Abstract

This paper examines the determinants and policy implications of active and healthy ageing in Sub-Saharan Africa, taking the case of Bamenda, in Cameroon. Specifically, the study sought to identify and explore the determinants of active and healthy ageing using a mixed-methods approach involving qualitative and quantitative data collection and analysis. Focus group discussions were conducted complemented by a survey (random and snowball sampling) using a structured questionnaire. Narratives and thematic analysis were used to analyze the data generated from the focus group discussion and Tobit regression was employed to analyze the multiple determinants of active ageing by dimensions and on a global scale in Cameroon. Results identified three key dimensions of active and healthy ageing: employment/livelihood options (EL), community support and health (CH) and housing and living in Bamenda (HL). The regression results reveal gender bias in active ageing, a non-effect of education and health on active ageing, and a positive effect of income on active and healthy ageing. This study contributes, among others, to the competence–environmental press theory on active ageing with regards to unbundling context specific determinants of active and healthy ageing.

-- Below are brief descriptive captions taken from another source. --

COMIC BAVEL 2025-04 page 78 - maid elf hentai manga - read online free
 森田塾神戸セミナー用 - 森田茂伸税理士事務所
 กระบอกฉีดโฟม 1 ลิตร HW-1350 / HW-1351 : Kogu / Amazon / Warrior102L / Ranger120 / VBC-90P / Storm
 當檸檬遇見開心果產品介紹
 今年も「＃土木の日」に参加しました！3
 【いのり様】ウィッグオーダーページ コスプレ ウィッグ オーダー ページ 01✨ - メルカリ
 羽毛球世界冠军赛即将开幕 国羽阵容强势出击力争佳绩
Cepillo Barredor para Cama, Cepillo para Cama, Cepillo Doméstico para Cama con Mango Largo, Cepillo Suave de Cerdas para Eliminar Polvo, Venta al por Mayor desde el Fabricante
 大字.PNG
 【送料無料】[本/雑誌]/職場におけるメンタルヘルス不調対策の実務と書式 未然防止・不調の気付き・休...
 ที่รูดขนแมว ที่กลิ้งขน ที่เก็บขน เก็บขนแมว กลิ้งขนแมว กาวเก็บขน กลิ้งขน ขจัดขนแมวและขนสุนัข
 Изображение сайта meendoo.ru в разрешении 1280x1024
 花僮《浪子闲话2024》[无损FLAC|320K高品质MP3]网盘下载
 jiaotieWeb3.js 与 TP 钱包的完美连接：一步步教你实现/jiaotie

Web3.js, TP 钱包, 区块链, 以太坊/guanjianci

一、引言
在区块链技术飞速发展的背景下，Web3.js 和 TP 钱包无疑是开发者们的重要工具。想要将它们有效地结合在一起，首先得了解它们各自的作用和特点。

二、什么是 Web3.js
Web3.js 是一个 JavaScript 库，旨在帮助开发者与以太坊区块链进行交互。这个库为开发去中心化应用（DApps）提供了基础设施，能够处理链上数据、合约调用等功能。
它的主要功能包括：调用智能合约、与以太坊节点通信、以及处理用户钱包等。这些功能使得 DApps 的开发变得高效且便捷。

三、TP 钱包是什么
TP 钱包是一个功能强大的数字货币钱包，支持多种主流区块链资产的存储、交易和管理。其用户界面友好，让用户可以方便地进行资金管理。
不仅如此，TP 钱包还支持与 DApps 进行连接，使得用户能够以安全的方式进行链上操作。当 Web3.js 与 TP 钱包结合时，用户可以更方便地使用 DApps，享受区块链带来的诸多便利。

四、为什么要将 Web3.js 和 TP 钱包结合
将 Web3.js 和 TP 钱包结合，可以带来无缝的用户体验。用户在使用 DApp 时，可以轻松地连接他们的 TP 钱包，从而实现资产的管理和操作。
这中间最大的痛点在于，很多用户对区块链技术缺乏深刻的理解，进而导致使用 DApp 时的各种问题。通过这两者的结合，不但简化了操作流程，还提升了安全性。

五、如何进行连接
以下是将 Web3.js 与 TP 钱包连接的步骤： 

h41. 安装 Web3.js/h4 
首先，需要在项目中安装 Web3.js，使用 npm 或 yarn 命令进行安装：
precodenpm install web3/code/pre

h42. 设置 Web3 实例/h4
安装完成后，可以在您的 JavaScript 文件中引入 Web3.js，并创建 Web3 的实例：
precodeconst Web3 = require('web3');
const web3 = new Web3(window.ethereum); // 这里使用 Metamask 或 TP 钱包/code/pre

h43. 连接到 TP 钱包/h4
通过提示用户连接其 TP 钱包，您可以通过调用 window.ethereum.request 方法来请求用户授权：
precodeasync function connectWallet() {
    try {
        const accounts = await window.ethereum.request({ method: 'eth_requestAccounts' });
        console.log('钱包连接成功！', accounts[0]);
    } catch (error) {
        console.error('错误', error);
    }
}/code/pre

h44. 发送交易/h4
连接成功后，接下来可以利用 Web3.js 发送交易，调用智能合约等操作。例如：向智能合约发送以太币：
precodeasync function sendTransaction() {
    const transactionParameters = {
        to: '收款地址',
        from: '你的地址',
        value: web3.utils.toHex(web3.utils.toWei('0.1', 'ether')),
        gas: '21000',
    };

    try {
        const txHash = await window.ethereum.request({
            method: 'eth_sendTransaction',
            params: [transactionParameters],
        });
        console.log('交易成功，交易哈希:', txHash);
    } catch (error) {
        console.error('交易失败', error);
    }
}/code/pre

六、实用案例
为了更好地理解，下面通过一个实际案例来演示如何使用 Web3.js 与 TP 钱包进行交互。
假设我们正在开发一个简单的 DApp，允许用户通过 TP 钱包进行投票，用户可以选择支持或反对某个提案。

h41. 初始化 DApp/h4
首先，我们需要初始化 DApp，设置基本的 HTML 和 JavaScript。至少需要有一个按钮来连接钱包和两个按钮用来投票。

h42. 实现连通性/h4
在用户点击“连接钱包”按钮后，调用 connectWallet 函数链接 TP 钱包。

It equally derives policy considerations with regards to gender mainstreaming and the identification of age friendly income earning options to enhance the active and healthy ageing process.

Highlights

  • The eight domains listed in the World Health Organization (WHO) age friendly cities guide were discussed with the elderly persons and based on the recurrent themes, they were presented in a tabular form, with a focus on the challenges linked to the eight domains, and the recommendations proposed by participants

  • It was concluded that not all eight domains of the guideline were of immediate interest to the seniors in Bamenda, pointing out three priority domains for which action needs to be taken to make a difference in the quality of life of elderly persons in the city of Bamenda

  • There was a great desire to improve healthcare for the elderly. They identified the promotion of livelihood activities for the elderly and thirdly, building houses appropriate to older persons who do not own houses and build low cost houses for the elderly was raised (Third domain)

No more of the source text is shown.